• **Aim of the exercise**
Using the data below, output a verbatim copy of the lines between the one holding "3806 S Highway 229 Property Photo 7" and the one holding "MLS Image #36", inclusive, without any pictures.

• **Task input**
>>>>>
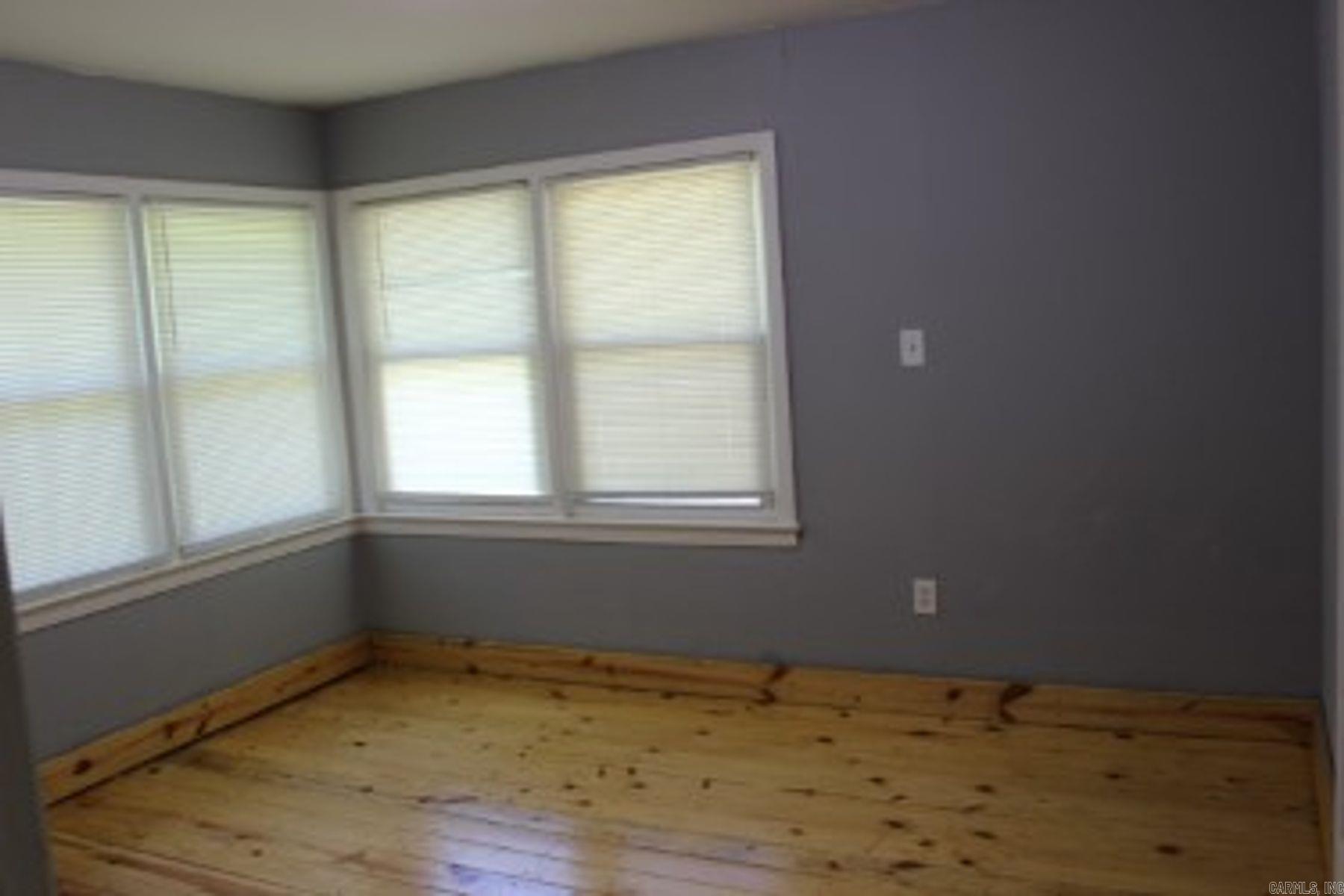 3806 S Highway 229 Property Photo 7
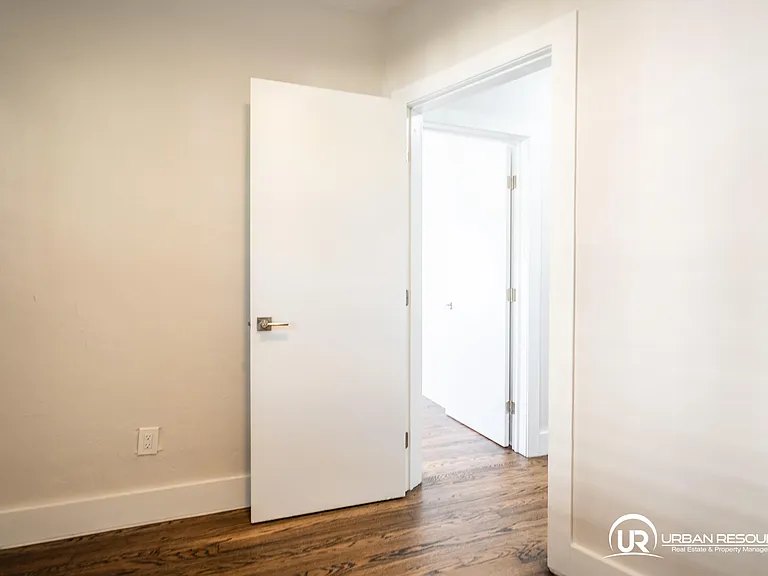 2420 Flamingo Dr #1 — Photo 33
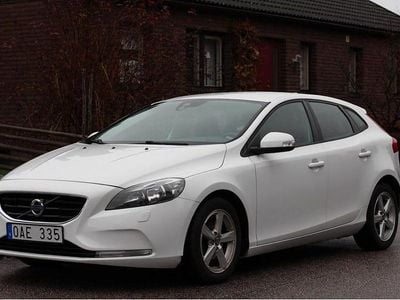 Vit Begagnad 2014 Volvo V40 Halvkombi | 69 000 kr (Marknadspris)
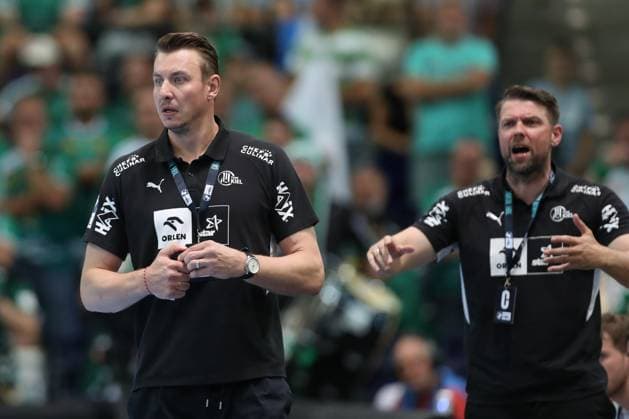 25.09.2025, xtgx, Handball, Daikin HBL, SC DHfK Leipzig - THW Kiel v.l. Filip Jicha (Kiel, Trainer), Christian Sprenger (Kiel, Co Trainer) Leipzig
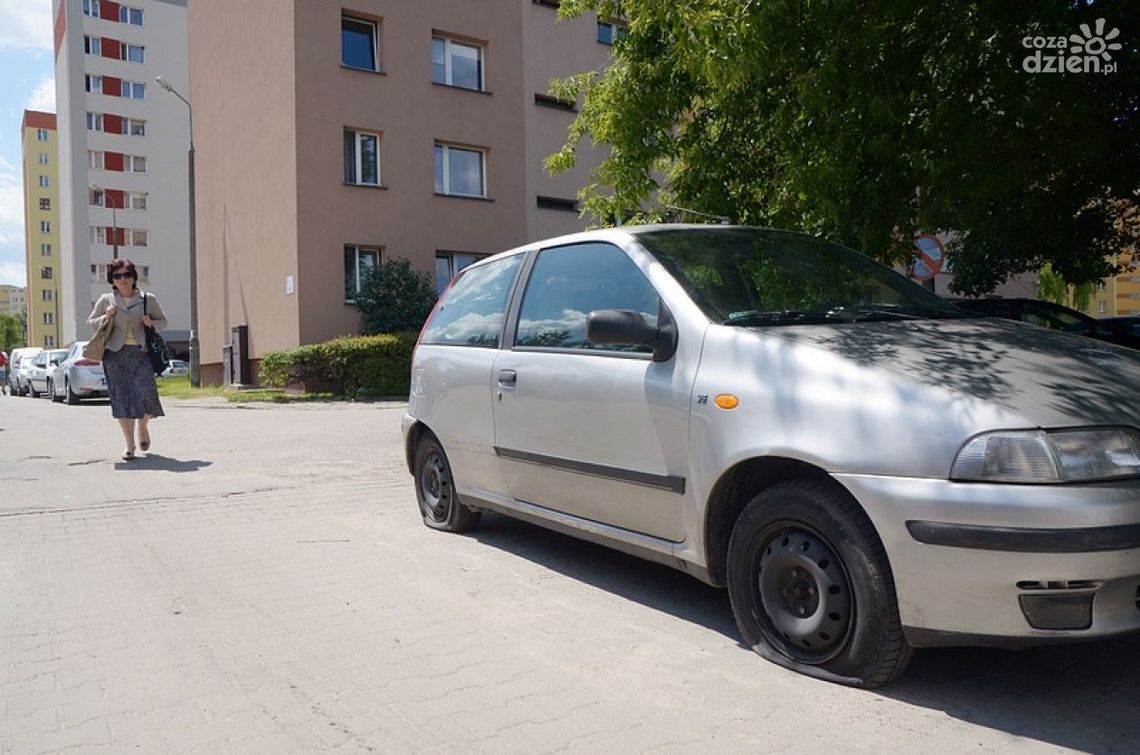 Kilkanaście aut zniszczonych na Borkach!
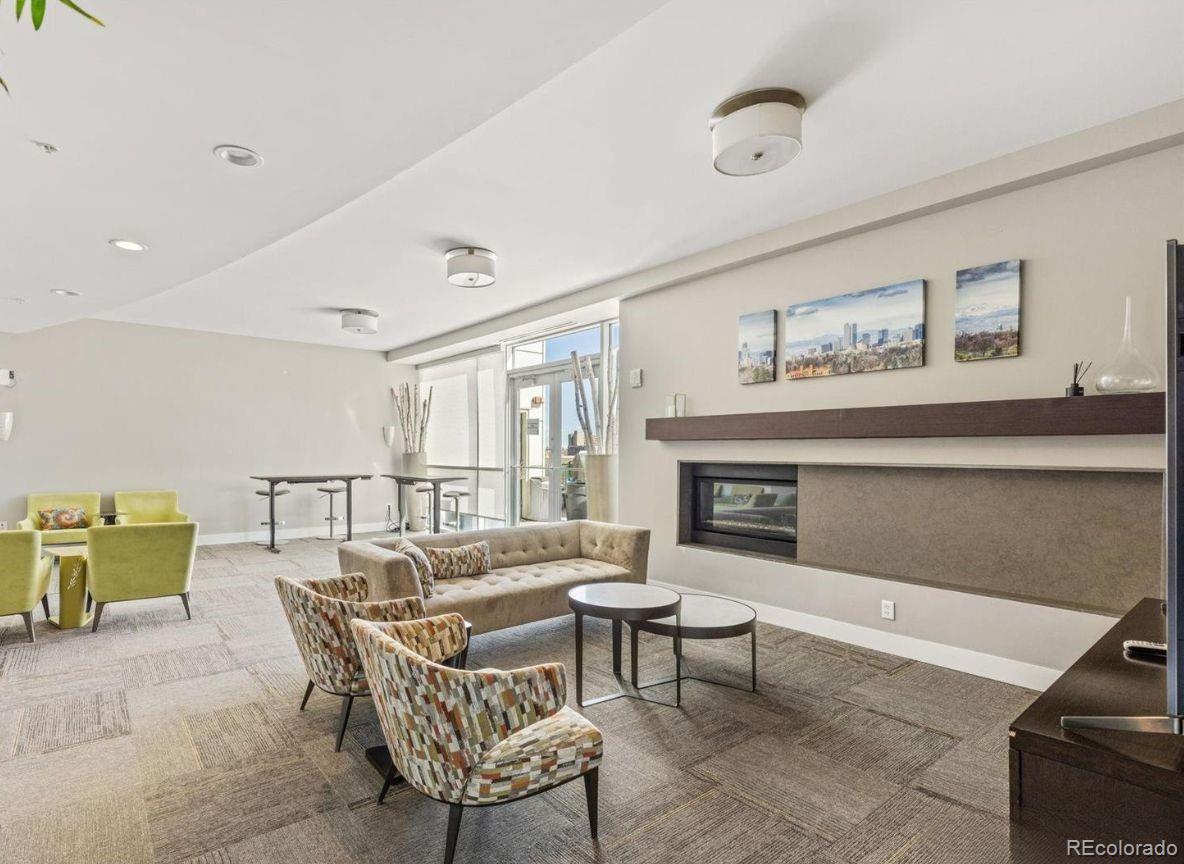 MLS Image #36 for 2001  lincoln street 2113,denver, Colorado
<<<<<
>>>>>
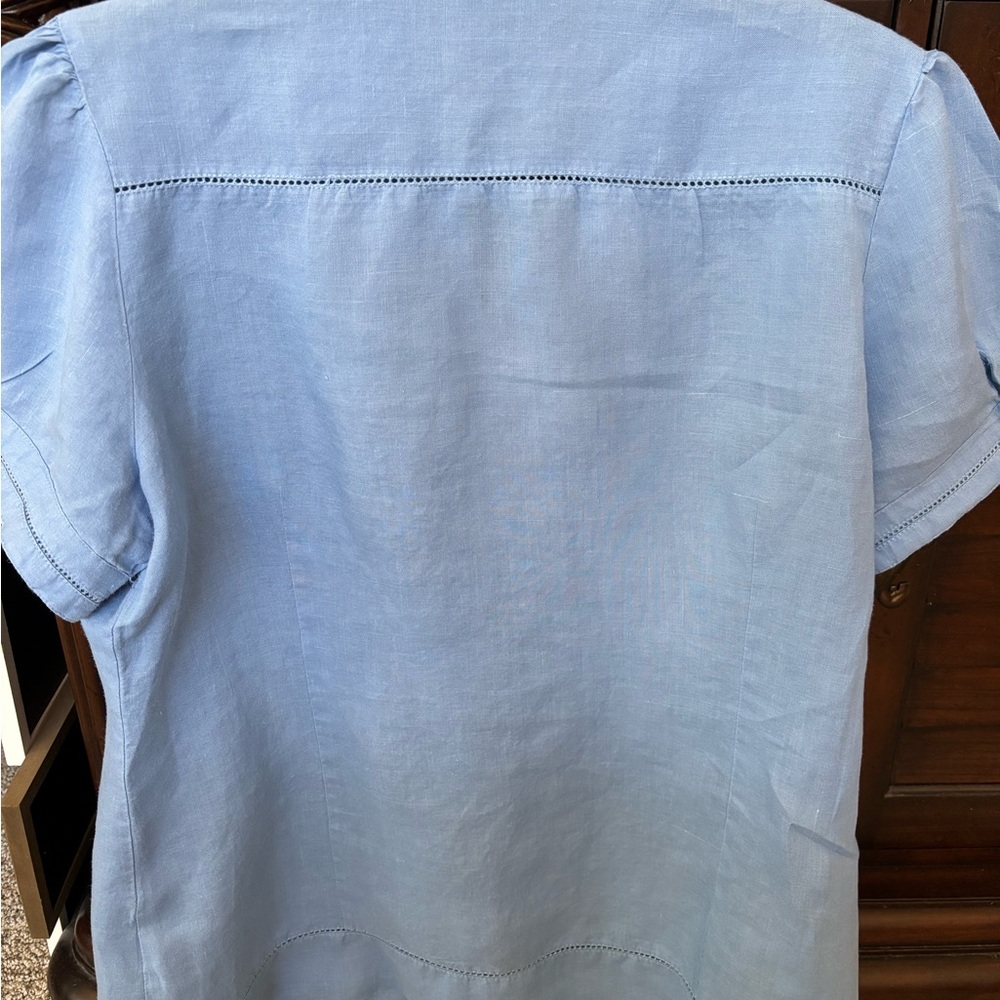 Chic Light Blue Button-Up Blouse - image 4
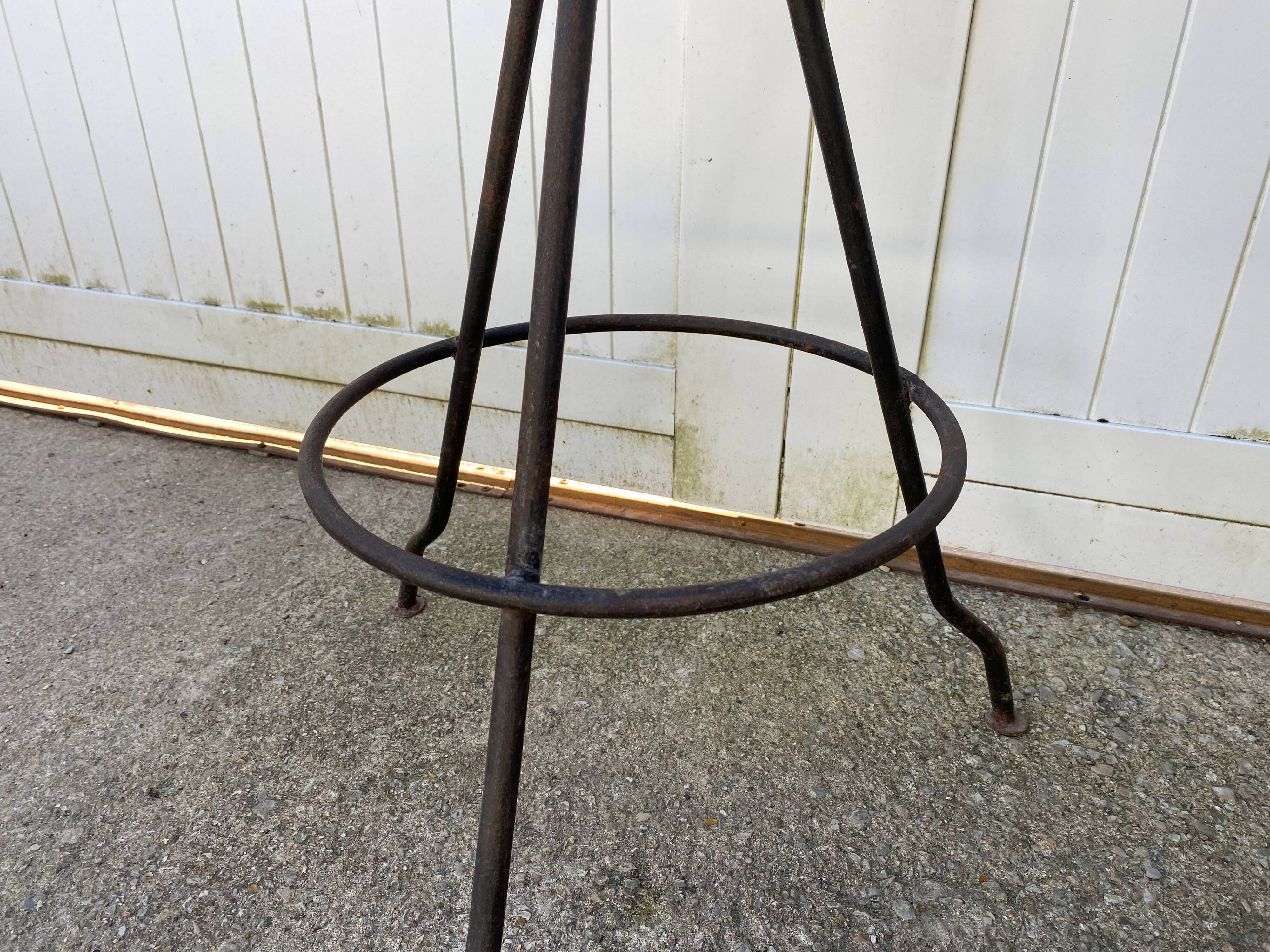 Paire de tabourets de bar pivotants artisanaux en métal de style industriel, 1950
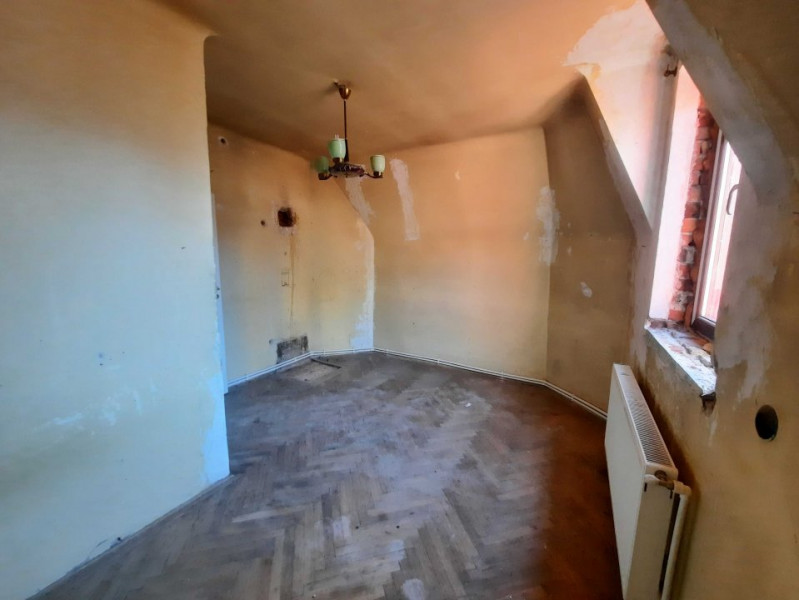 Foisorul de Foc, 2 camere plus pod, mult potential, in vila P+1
<<<<<
• **Task output**
 3806 S Highway 229 Property Photo 7
 2420 Flamingo Dr #1 — Photo 33
 Vit Begagnad 2014 Volvo V40 Halvkombi | 69 000 kr (Marknadspris)
 25.09.2025, xtgx, Handball, Daikin HBL, SC DHfK Leipzig - THW Kiel v.l. Filip Jicha (Kiel, Trainer), Christian Sprenger (Kiel, Co Trainer) Leipzig
 Kilkanaście aut zniszczonych na Borkach!
 MLS Image #36 for 2001  lincoln street 2113,denver, Colorado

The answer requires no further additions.